|Isle of Man - "Call that a flood"|
I managed to take a look at some of the responses that EIOPA have received regarding whether or not the 32 National Competent Authorities (NCA) currently invested in the Solvency II game are planning to follow EIOPA's Preparatory Guidance over the next 2 years. Please serve yourselves from this central location.
It became evident over December that there was likely to be some non-compliance (both the French and British put their heads above the parapet), though as this was a "comply or explain" exercise, this was not necessarily grave - we are after all in the business of 'preparing' at this juncture - but I was curious to see precisely how different countries "explained" themselves.
In response to each guideline within the 4 EIOPA documents, the options for each NCA were to respond;
- Yes - we already comply
- Yes - we intend to comply
- No - we do not and will not comply
- Not applicable (though I'm not certain why this is an option)
I was therefore surprised to see the British approach (which was generally "yes") also involved;
- Not providing an explanation when they have said "No" to a guideline (which admittedly is only in one case!)
- Unnecessarily using a copy/paste piece of text as an explanation for a number of guidelines where they have said they "Intend to comply"
- Unexpectedly answering "Not Applicable" to no fewer than 10 articles within the System of Governance guidance, some of which definitely featured in the feedback on the PRA's recent Supervisory Statement as bones of contention (the actuarial function's responsibilities for example).

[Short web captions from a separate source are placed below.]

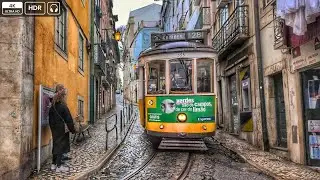 Lisbon Rain Walk 2026 🌧️ Thieves Market to Alfama Alleys (Caught in Storm) | 4K HDR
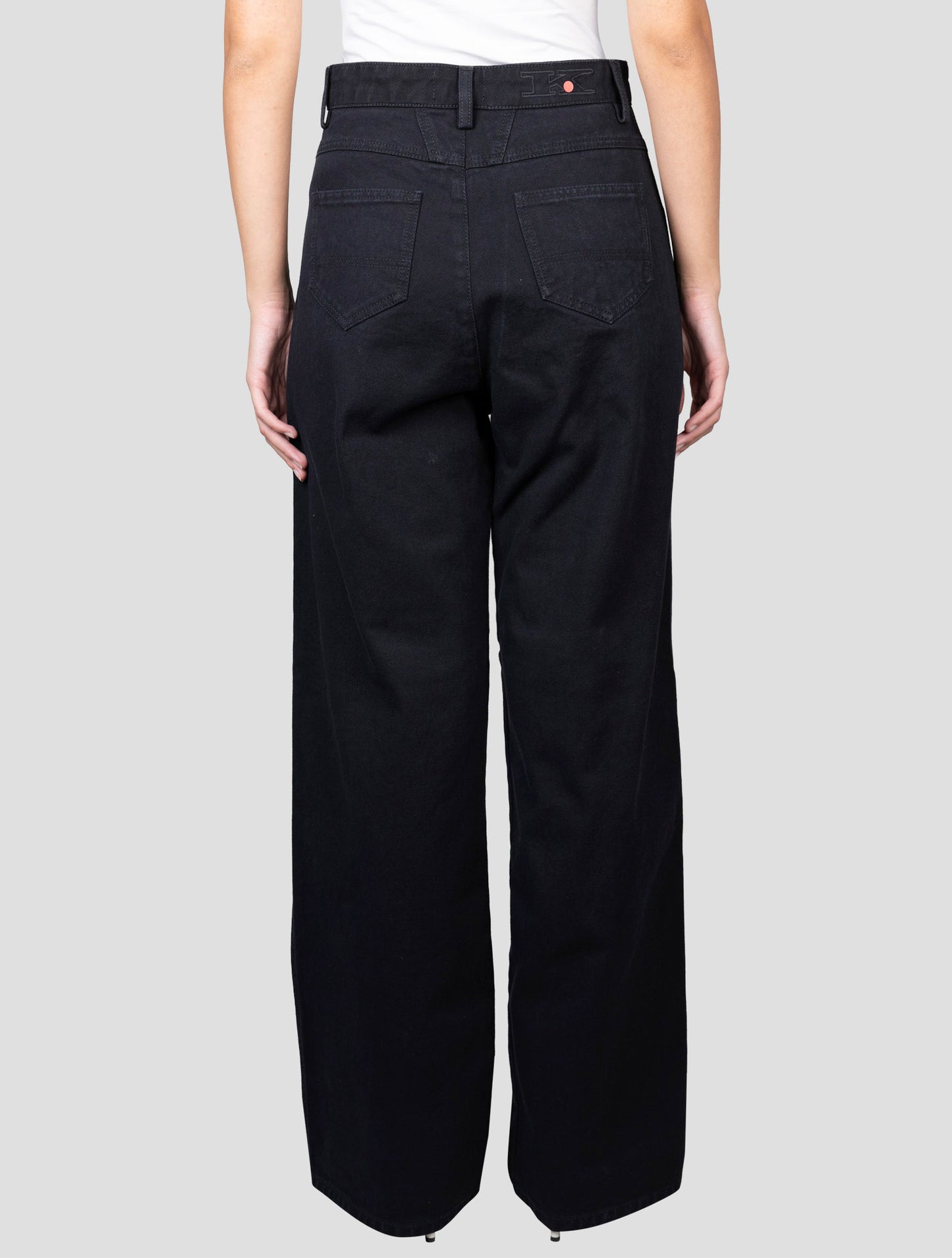 Kiton Black Cotton Jeans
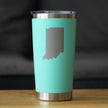Indiana State Outline - 20 oz Coffee Tumbler
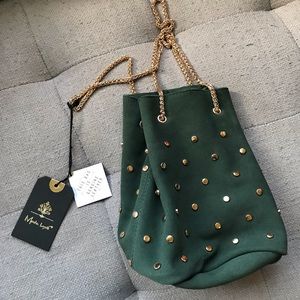 Geniune Leather Bag in green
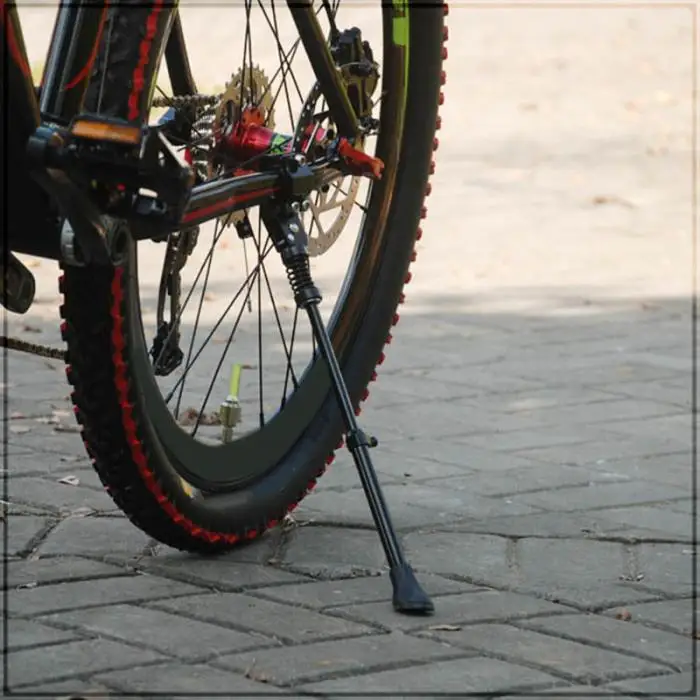Горный велосипед подставки Алюминий сплав Водонепроницаемый на боковую сторону Велосипеда Подставка для 16/20/24/26 дюймовые шины C55K по доступной цене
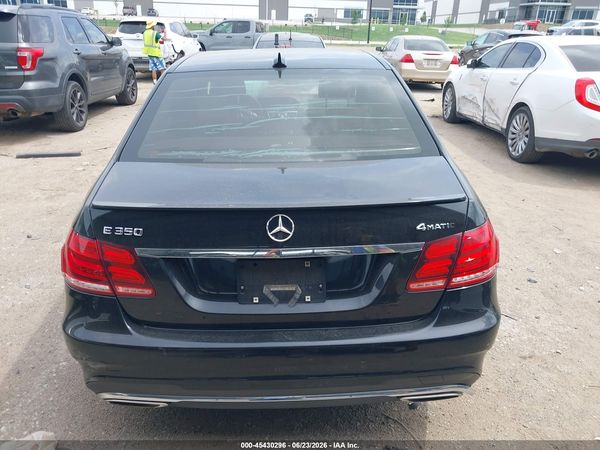 2016 MERCEDES-BENZ E 350 4MATIC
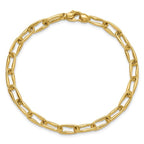 Leslie's 14K Polished Fancy Wavy Elongated Oval Link Bracelet - Image 4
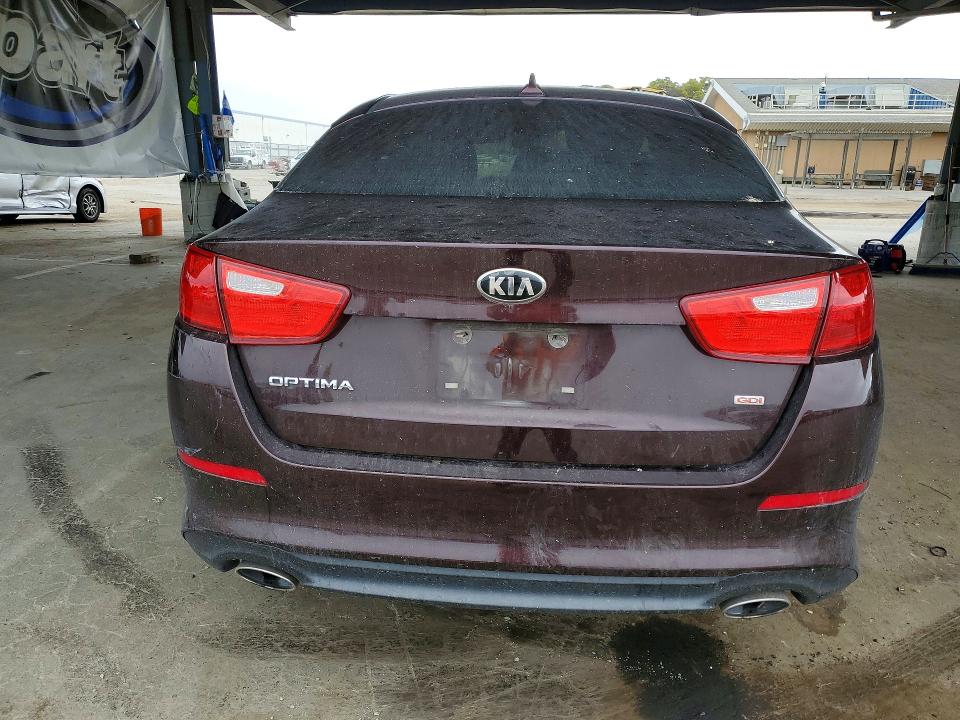 2014 Kia VIN 5XXGM4A72EG280032 COPART salvage auction — VANDALISM, Ca - Salvage Certificate, sold $575 on 2026-07-14 (photo 6)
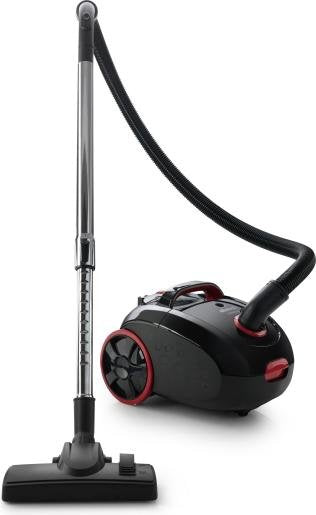 Aspirador Gorenje Vce21sfbkr Con Bolsa, Potencia 850 W, Radio De Trabajo 8 M, Negro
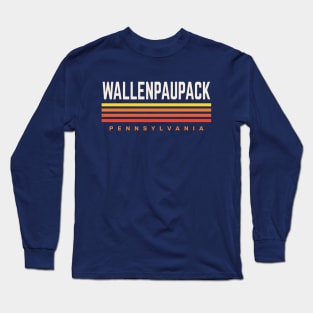 Wallenpaupack Pennsylvania Long Sleeve T-Shirt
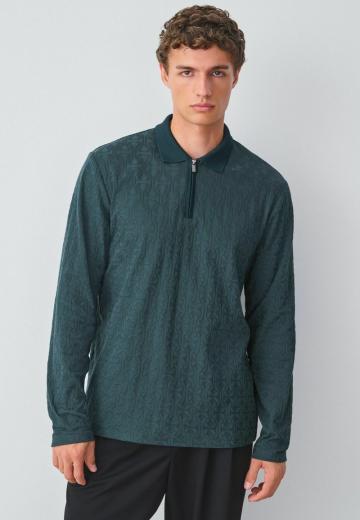 Поло с длинным рукавом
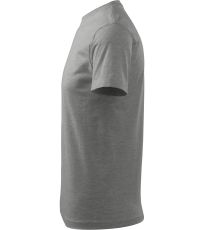 Pánské triko Classic New Malfini tmavě šedý melír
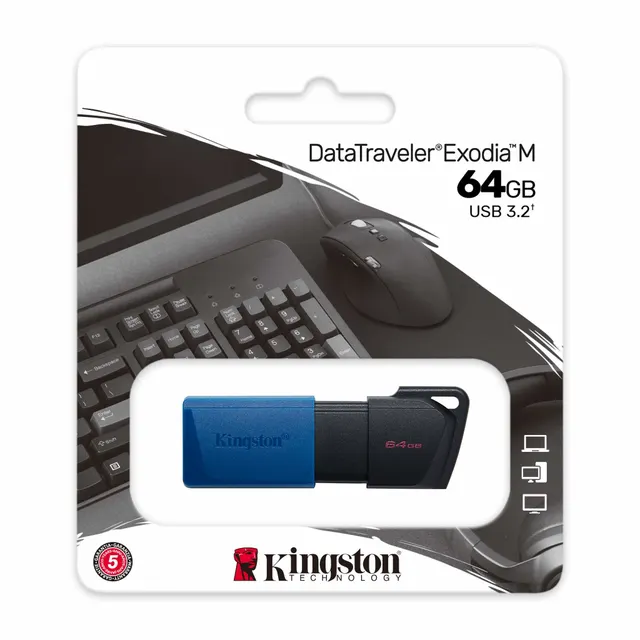 Memoria USB  Kingston Technology DATATRAVELER EXODIA M — vista 3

Obviously no surprises that the French will not be attempting to comply anything in the System of Governance world after their earlier warning, though their rationale is expanded upon in this Risk.net article. That the strict definition of "AMSB" is an issue for the French industry is surely old news at this juncture, and it is ludicrous that such a matter has yet to be dealt with by the Commission's draftsmen. It certainly hasn't posed an issue for Germany (who intend to comply with all of Sys Gov), who operate dual boards.
While more may emerge over the next few weeks on what has been submitted here across the countries, I am more immediately interested in why the UK have elected to respond "not applicable" to so many System of Governance guidelines. It seems to fly in the face of their Supervisory Statement, and I can't imagine EIOPA are satisfied with that response.